▶ EXERCISE INSTRUCTIONS
Show each line in the listing below that contains the word "Hotel".

▶ DATA
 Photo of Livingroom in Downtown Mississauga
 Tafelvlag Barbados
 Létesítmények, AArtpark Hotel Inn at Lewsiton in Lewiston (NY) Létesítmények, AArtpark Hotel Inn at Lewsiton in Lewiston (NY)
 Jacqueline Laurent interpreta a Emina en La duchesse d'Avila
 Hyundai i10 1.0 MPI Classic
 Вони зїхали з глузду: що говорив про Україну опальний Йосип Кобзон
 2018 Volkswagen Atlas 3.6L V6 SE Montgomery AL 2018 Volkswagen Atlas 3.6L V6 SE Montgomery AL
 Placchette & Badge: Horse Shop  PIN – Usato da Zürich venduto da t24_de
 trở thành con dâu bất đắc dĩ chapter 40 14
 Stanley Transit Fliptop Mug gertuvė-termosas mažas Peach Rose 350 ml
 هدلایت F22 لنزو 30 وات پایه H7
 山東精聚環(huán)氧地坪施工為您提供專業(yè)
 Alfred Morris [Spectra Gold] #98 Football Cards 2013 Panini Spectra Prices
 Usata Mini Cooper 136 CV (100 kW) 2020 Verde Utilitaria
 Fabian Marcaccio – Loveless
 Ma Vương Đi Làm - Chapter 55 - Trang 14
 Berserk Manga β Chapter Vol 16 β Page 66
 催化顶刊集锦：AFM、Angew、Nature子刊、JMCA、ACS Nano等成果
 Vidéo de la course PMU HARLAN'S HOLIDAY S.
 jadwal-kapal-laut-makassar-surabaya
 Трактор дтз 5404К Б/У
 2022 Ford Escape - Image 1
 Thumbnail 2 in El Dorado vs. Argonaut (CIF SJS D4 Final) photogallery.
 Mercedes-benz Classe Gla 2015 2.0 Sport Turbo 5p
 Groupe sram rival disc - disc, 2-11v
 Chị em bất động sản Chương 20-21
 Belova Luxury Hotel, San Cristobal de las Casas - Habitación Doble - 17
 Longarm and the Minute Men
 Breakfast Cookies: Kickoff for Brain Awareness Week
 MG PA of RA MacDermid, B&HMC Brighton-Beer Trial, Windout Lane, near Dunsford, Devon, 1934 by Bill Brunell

▶ RESPONSE AREA
 Létesítmények, AArtpark Hotel Inn at Lewsiton in Lewiston (NY) Létesítmények, AArtpark Hotel Inn at Lewsiton in Lewiston (NY)
 Belova Luxury Hotel, San Cristobal de las Casas - Habitación Doble - 17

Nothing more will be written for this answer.